* EXERCISE BRIEF: Take the lines below from the one with "Go Sports Do" through the one with "第13話 プラズマ団襲撃 復活の儀式 しのぶの庭" and retype them exactly. Include nothing else, and no pictures.

* SOURCE DATA:

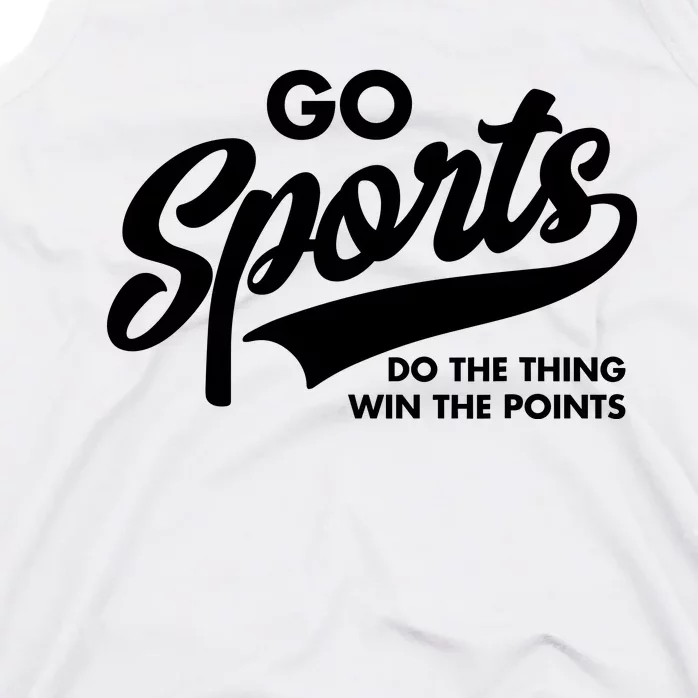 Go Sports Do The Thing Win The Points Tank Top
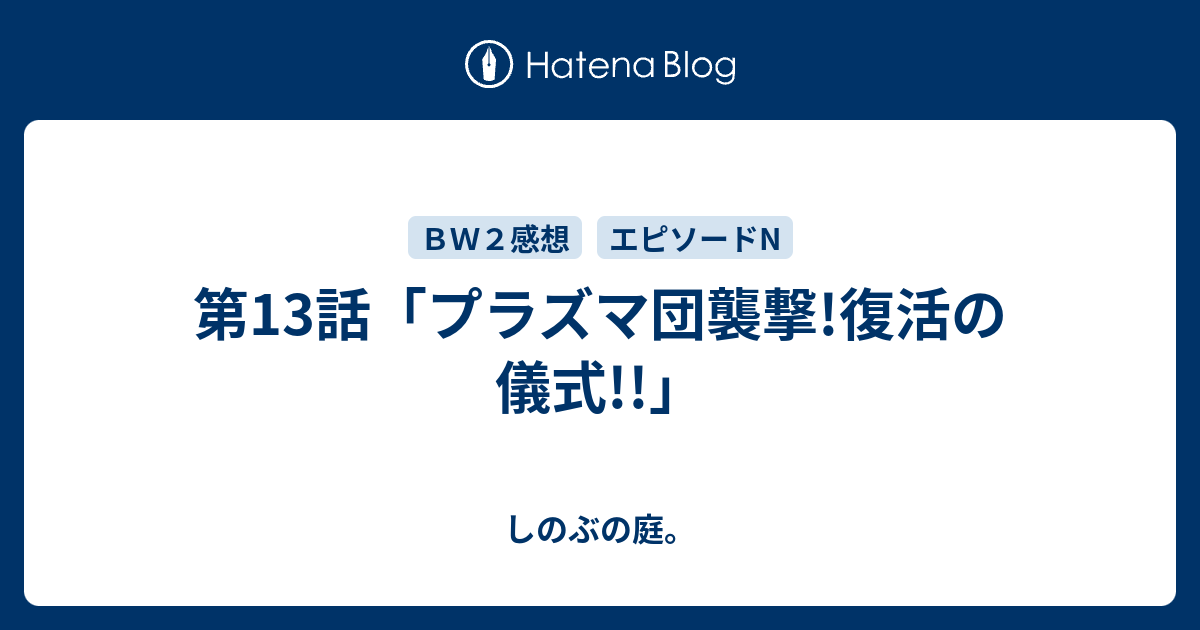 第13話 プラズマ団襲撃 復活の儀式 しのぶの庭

...

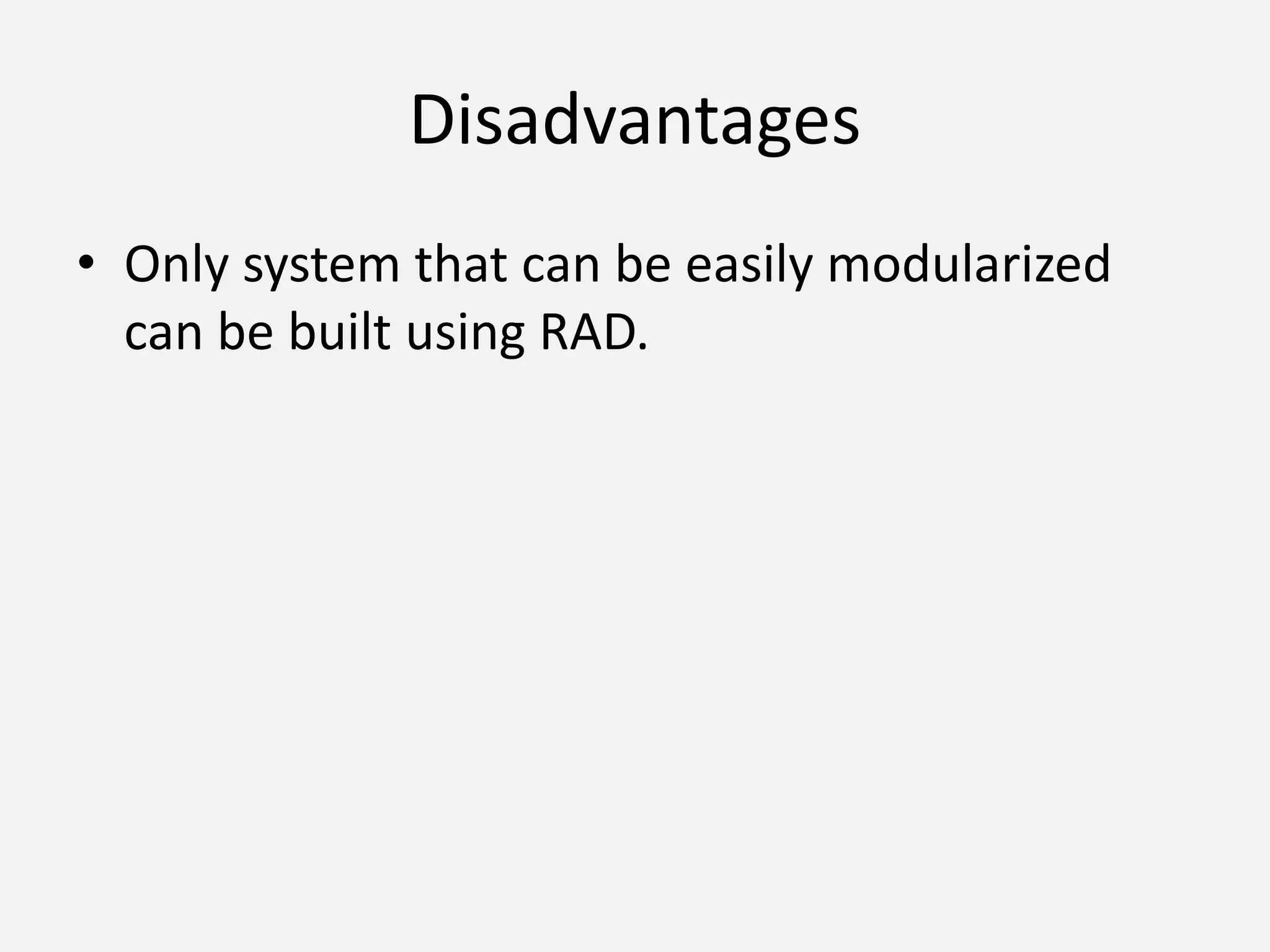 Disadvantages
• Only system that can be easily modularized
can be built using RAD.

* COMPLETED TASK:
 Go Sports Do The Thing Win The Points Tank Top
 第13話 プラズマ団襲撃 復活の儀式 しのぶの庭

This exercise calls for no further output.